As he moved to thresh another heap of rice harvested from the farm, his wife Hannah Mgbede asked to take a break from the back-breaking labour to breastfeed their 18-month-old baby and to have her first meal for the day.

Mohammed, 45, used to harvest as many as ten bags of rice a year from his farm. “This year I can’t even see up to three bags,” he said, adding that most of this year’s profit will go towards paying his labourers.

“Since the time Fulani herders came to attack our village, destroy our farmland and set our crops on fire, we haven’t had the money to farm in the same way as we used to,” Mohammed said ruefully.

It has been more than three years since the attack on Mohammed’s farm and family home, but he is still struggling.

This is common for many farmers, and the consequences, authorities fear, is dealing a heavy blow to Nigeria’s overall food production capacity.

Over 70% of Nigerians work in the agriculture sector, mainly at a subsistence level, the U.N.’s Food and Agriculture Organization (FAO) reports.

Benue is one of the states with the largest yields for crops such as rice, yam and soybean, according to government data, earning it the title of ‘food basket of the nation.’

But 1.5 million of the state’s more than 7 million population – who are predominantly farmers – have been internally displaced in the aftermath of the security crisis, according to Benue’s Gov. Samuel Ortom.
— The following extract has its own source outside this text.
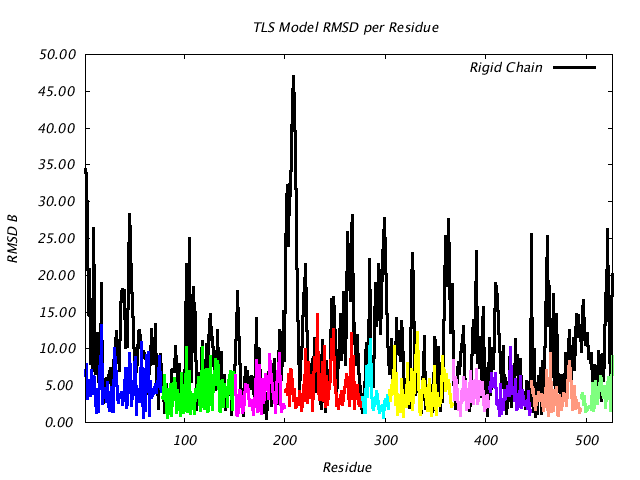 1KP8_CHAINN_NTLS10_RMSD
“More than 95% of these displaced people are farmers who contribute more than 70% of the total food production in the state,” Ortom said, admitting that everything shows “we are heading to a food crisis.”

Ortom added that if security is not restored to these farmers then it will be a big challenge to retain the ‘food basket’ title and continue feeding the population.

Despite its position as Africa’s largest crude oil producer, Nigeria is heavily dependent on agriculture, which contributed almost 30% of the nation’s gross domestic product in the third quarter of 2021, according to the country’s statistics agency.

However, the increasing conflict across northern Nigeria continues to limit the capacity of farmers like Mohammed.

More than 13 million people in the troubled northern region are now facing hunger, according to the World Food Program.

At the Benue camp for internally displaced persons in Guma, some 48 kilometers (30 miles) west of Makurdi, the state capital, many of the 3,000 occupants live from hand to mouth, often relying on support from non-governmental organizations and day jobs at farms.

Farmer Mtonga Iliamgee, 43, is one of them. It’s only in the afternoon that she can prepare the first and only meal of the day for her family of 10.

“There’s no food here, I have to work for other people as a labourer, for me and my children and my husband to eat,” she said. “We keep praying to get work tomorrow so we can get more money to eat.”

She said that after the herders destroyed their crops and property, the family came to the camp “with nothing.”

Government officials insist they are working to make farmlands safe enough for people to return and work the land.

They’re also trying to encourage nomadic herders to take up ranching so they are less at odds with farmers.

Seeds and fertilizers have also been supplied to farmers to enhance food production, cushion the effect of the pandemic and encourage more young people to go into agriculture.